On Wed, Jun 15, 2011 at 7:42 AM, Platonides Platonides@gmail.com wrote:
Alec Conroy wrote: > We could directly ask them to tell us, but upon reflection, the > information is already hidden in our database. A multilingual user is > one that actively edits two projects of different languages.
Many users already told us, by using babel templates. That also explains how much confidence do they have in those languages (native level, basic skills...).
Babel templates are great-- if every user had them, we'd be good. Unfortunately, if you know enough to use a babel template, you probably are already 'tied in' to the global community and thus not in need of outreach. (this assumption may be false).
There's also the motivation factor.
That's saying a mouthful. Just knowing people can translate is not at all the same as being able to expect they'll actually do it. We just found that out, and that's why we need to start building a translator network now, rather than wait till next year.
First point: define being active. That should be something like 'more than X non-minor edits in the last Y weeks.'
I'm flexible. The point of activity is just to weed the data down to a manageable size. If we want to call anyone active at this stage, that'd work. I suggest lasttouched in 30 days, but that's totally arbitrary.
I see a problem in that you are exposing it as a symmetric relationship, while I don't think it should be.

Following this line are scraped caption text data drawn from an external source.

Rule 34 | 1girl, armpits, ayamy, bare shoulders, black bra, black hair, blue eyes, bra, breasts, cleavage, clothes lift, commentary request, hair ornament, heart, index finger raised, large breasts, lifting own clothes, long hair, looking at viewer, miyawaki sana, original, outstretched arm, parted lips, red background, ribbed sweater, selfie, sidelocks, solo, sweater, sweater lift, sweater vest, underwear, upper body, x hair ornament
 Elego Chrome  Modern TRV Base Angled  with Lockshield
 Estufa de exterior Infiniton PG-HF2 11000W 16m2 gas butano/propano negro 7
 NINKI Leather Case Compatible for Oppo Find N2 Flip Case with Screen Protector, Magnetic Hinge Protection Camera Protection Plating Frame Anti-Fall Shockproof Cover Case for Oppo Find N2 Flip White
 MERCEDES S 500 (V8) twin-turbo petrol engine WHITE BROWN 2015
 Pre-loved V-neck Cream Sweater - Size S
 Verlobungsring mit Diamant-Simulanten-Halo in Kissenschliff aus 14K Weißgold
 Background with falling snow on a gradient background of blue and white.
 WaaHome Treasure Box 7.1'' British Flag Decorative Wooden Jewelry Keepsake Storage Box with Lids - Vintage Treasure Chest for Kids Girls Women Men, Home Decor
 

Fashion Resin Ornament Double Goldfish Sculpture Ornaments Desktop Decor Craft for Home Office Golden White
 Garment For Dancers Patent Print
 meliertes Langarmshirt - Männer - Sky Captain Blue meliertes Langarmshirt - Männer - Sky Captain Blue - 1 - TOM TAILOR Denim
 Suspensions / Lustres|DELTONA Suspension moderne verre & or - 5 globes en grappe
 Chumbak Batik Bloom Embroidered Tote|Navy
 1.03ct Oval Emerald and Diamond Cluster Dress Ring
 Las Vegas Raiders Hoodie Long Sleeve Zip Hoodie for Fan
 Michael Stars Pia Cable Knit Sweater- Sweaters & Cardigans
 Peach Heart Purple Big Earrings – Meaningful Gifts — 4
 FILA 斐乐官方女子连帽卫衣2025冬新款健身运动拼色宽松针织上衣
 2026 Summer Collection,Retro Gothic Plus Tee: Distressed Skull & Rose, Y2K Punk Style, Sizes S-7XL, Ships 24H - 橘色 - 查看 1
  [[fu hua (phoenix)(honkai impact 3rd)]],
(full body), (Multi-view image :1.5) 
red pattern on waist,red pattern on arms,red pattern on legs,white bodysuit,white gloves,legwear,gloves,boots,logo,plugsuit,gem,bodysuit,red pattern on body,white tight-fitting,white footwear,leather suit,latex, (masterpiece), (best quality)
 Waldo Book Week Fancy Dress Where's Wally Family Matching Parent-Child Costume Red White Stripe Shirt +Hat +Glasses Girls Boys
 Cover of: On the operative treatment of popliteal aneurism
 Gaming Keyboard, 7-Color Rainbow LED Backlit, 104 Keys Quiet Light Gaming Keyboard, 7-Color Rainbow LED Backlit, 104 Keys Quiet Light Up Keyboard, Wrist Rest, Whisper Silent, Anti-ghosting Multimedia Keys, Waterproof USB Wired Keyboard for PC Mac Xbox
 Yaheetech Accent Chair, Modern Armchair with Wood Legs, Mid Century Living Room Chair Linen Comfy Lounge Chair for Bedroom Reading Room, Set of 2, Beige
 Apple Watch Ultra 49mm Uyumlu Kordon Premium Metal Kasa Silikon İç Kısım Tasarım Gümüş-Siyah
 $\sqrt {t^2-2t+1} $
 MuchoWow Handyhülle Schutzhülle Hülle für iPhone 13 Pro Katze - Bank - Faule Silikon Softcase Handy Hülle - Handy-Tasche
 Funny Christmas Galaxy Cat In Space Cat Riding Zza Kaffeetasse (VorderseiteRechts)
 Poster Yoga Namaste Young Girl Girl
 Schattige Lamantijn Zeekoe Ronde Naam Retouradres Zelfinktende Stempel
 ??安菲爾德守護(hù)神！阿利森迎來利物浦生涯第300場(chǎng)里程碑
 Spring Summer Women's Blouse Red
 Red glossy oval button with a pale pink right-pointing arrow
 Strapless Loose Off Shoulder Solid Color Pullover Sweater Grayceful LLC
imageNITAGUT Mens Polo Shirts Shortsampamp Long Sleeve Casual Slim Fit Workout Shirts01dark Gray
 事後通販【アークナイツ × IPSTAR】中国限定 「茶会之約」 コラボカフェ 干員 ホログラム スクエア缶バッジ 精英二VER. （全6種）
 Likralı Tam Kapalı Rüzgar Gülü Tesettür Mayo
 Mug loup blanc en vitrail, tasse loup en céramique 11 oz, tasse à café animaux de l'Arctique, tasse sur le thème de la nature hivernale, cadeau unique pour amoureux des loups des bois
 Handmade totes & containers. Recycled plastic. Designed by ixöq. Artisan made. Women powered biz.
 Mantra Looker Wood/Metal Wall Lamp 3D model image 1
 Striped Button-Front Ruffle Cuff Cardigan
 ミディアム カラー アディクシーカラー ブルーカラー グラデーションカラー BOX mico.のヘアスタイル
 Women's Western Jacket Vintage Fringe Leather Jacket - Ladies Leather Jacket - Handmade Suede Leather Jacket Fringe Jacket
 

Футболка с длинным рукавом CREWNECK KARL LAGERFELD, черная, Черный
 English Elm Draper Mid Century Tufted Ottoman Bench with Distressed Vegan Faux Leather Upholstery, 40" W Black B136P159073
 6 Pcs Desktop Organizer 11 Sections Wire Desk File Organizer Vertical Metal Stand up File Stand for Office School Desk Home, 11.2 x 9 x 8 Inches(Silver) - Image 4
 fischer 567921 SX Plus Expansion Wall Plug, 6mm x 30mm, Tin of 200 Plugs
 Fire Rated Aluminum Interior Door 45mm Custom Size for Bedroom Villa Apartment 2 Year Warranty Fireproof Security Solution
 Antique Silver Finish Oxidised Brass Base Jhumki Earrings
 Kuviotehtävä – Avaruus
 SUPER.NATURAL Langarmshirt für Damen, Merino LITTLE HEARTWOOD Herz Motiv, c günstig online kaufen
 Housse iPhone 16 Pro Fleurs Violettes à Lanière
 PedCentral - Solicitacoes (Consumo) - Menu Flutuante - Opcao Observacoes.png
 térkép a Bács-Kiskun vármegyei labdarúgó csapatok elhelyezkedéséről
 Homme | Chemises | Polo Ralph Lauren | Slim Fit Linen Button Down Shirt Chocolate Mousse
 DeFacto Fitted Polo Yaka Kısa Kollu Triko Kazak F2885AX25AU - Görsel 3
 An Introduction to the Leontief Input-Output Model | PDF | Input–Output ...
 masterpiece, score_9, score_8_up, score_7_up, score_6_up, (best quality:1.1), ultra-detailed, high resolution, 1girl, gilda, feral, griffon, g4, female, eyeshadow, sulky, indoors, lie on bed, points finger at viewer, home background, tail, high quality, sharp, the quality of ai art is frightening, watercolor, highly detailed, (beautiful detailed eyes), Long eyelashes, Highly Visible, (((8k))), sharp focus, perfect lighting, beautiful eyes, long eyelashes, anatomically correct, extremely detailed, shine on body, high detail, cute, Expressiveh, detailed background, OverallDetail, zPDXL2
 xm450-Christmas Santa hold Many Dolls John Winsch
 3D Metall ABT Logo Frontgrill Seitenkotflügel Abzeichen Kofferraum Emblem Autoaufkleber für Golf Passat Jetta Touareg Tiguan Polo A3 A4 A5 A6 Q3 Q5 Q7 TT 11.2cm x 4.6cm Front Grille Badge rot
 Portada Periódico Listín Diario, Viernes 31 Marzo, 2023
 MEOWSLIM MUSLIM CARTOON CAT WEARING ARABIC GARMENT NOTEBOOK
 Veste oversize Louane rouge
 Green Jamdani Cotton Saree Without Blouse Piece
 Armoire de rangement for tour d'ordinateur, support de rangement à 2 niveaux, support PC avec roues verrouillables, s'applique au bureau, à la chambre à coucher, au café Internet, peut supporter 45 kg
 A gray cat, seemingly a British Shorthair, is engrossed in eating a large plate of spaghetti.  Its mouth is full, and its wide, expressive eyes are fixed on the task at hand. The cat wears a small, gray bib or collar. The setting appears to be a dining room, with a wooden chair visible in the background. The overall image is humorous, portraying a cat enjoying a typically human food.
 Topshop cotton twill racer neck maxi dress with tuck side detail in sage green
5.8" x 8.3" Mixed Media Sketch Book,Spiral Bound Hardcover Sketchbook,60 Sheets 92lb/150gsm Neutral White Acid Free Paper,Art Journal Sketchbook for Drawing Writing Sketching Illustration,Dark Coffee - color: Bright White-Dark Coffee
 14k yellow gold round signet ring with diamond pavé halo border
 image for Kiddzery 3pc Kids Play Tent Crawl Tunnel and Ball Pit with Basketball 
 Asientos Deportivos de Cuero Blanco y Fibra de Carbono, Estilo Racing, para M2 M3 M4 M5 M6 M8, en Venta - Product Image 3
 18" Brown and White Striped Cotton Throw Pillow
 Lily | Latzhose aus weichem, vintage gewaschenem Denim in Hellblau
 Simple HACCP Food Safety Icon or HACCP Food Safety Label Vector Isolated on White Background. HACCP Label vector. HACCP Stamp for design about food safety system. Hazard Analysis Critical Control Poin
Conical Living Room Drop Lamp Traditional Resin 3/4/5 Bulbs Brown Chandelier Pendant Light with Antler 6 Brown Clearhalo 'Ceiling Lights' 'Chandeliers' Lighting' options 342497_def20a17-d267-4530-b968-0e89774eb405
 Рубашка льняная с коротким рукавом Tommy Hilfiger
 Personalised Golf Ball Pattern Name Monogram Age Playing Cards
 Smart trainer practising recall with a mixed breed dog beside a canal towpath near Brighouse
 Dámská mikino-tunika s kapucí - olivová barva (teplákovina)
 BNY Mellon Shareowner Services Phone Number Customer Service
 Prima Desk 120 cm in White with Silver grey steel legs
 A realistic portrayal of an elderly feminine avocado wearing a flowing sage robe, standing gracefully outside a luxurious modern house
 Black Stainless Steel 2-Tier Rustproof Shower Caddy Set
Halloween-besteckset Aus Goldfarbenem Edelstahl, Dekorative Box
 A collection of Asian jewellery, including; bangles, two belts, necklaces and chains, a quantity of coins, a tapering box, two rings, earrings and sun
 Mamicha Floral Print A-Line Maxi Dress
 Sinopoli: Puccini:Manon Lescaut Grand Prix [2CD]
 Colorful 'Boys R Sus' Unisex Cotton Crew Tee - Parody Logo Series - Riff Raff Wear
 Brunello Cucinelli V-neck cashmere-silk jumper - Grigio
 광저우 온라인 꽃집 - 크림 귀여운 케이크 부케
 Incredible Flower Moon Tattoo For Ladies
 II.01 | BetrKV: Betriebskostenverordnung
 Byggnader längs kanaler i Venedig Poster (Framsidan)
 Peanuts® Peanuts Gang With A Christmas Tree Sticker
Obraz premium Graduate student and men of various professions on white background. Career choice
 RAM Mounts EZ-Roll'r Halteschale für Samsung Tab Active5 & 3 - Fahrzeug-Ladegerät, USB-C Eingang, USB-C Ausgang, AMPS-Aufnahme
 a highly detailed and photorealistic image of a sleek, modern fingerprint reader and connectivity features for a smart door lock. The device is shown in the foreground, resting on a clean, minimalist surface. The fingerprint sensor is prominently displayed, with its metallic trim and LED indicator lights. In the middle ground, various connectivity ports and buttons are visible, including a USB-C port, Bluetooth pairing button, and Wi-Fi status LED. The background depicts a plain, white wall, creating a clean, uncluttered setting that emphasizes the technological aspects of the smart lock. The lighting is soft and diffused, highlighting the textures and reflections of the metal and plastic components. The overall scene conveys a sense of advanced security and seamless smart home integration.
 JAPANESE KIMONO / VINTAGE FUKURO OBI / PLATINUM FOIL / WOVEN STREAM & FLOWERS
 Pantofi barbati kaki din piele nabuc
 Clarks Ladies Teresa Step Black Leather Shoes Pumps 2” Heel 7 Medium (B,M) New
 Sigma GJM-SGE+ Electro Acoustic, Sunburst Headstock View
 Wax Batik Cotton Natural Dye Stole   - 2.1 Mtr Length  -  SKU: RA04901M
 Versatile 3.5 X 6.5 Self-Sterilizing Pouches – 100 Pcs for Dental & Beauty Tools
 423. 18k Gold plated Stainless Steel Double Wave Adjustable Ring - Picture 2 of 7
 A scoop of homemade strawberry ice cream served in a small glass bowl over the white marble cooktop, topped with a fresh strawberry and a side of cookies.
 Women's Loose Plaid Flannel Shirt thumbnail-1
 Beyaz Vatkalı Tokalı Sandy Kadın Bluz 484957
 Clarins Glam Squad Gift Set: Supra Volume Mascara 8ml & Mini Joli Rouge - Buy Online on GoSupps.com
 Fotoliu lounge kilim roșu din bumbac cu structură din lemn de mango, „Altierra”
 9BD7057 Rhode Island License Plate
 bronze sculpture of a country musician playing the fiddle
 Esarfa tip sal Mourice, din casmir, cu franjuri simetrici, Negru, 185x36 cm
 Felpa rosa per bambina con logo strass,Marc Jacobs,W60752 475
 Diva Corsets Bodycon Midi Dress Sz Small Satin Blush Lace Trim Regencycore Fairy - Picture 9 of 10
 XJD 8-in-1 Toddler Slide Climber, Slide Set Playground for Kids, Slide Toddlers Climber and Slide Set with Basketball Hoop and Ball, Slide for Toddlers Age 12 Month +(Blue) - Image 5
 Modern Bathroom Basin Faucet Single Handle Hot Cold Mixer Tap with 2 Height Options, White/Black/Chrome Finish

Again, another very brilliant caveat. I should say that my initial attempt at getting these kinds of estimates was to look at wordwide language-overlap statistics and just assume that wikimedians are "average humans", which they clearly aren't. This would get us a very very rough picture.
Analysis of actual edit patterns will get us a better view, but it'll still be less precise than babel boxes or actual self-identification as a translator. Perhaps at some point we can explicitly ask users to tell us directly their language skills.
Alecmconroy